The name of Andy Stern has been bandied about for the Labor Secretary position as well. Stern, “perhaps the nation’s most visible labor leader,” is the president of the Service Employees International Union. The union boasts 1.8 million members and has one of the largest union growth rates in the country. The union lobbied for Obama more than did any other labor group; however, Stern has indicated that he does not want the job. There is also acrimony between Stern and the A.F.L.-C.I.O., and Democratic presidents tend to obtain A.F.L.-C.I.O support before choosing a Labor secretary.

Department of Transportation

The Department of Transportation’s responsibilities cover all forms of transportation. It “regulates safety in the aviation, motor carrier, railroad, mass transit, motor vehicle, maritime, commercial space, and pipeline transportation areas.”

Steve Heminger appears to be a leading candidate for the job of Transportation Secretary, according to PolitickerCA.com. Heminger is the executive director of the Bay Area’s Metropolitan Transportation Commission.

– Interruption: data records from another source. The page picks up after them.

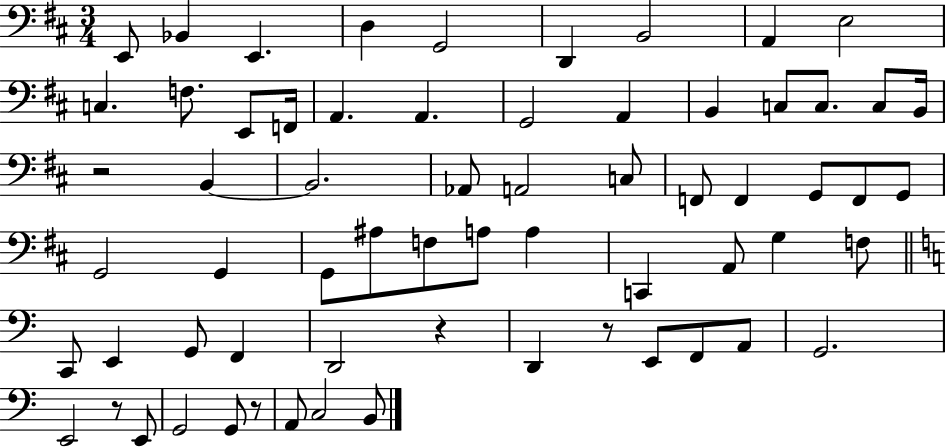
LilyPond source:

{
  \clef bass
  \numericTimeSignature
  \time 3/4
  \key d \major
  e,8 bes,4 e,4. | d4 g,2 | d,4 b,2 | a,4 e2 | \break c4. f8. e,8 f,16 | a,4. a,4. | g,2 a,4 | b,4 c8 c8. c8 b,16 | \break r2 b,4~~ | b,2. | aes,8 a,2 c8 | f,8 f,4 g,8 f,8 g,8 | \break g,2 g,4 | g,8 ais8 f8 a8 a4 | c,4 a,8 g4 f8 | \bar "||" \break \key c \major c,8 e,4 g,8 f,4 | d,2 r4 | d,4 r8 e,8 f,8 a,8 | g,2. | \break e,2 r8 e,8 | g,2 g,8 r8 | a,8 c2 b,8 | \bar "|."
}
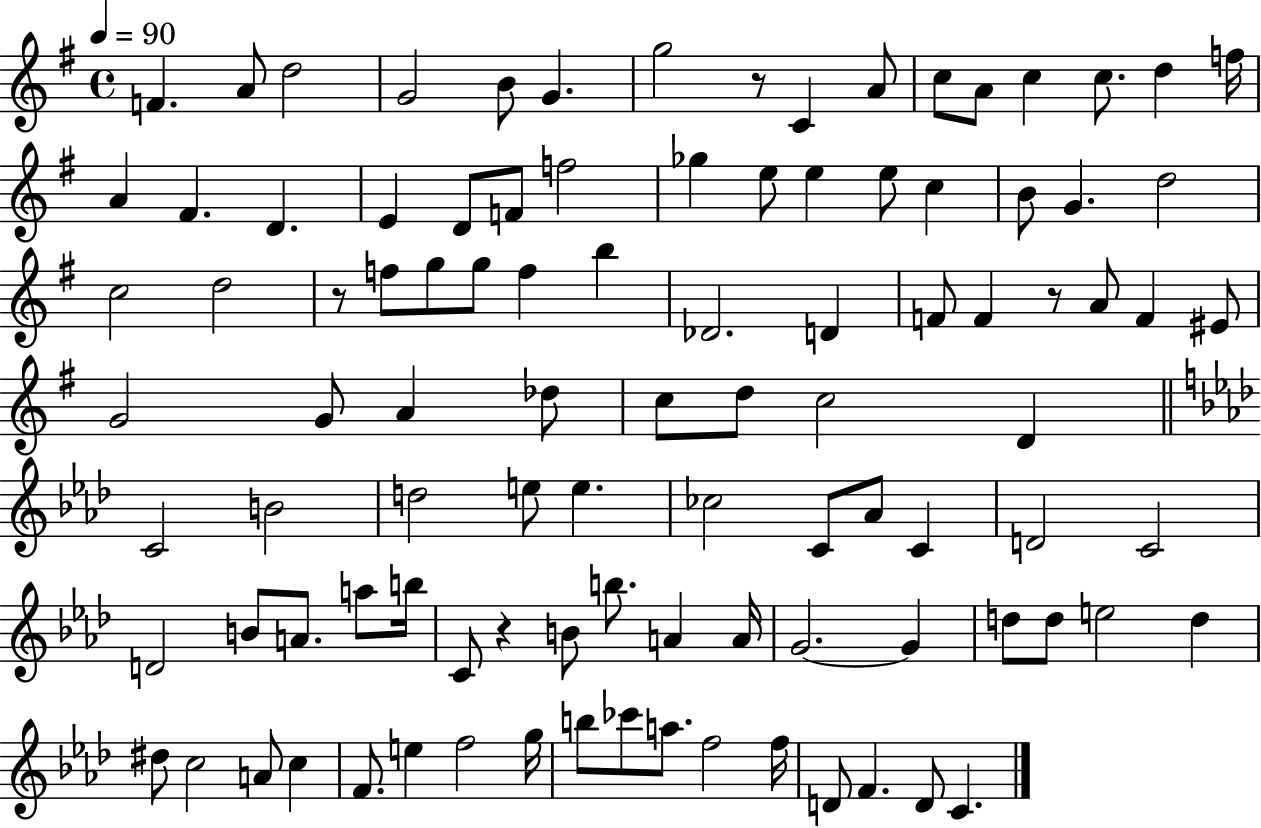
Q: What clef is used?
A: treble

But there are a number of other names in the mix. Penn. Gov. Ed Rendell, House Transportation and Infrastructure Committee Chairman James L. Oberstar, Federal Aviation Administrator Jane Garvey, and Democratic Reps. Pete DeFazio and Earl Blumenauer of Oregon are also supposedly under consideration. Heminger, who holds a regional and not a federal role, may rise to the top because “transportation industry executives close to the Obama campaign” believe that the new administration will try to “put a new stamp on the new department” by avoiding Washington insiders, Pacific Shipper reports.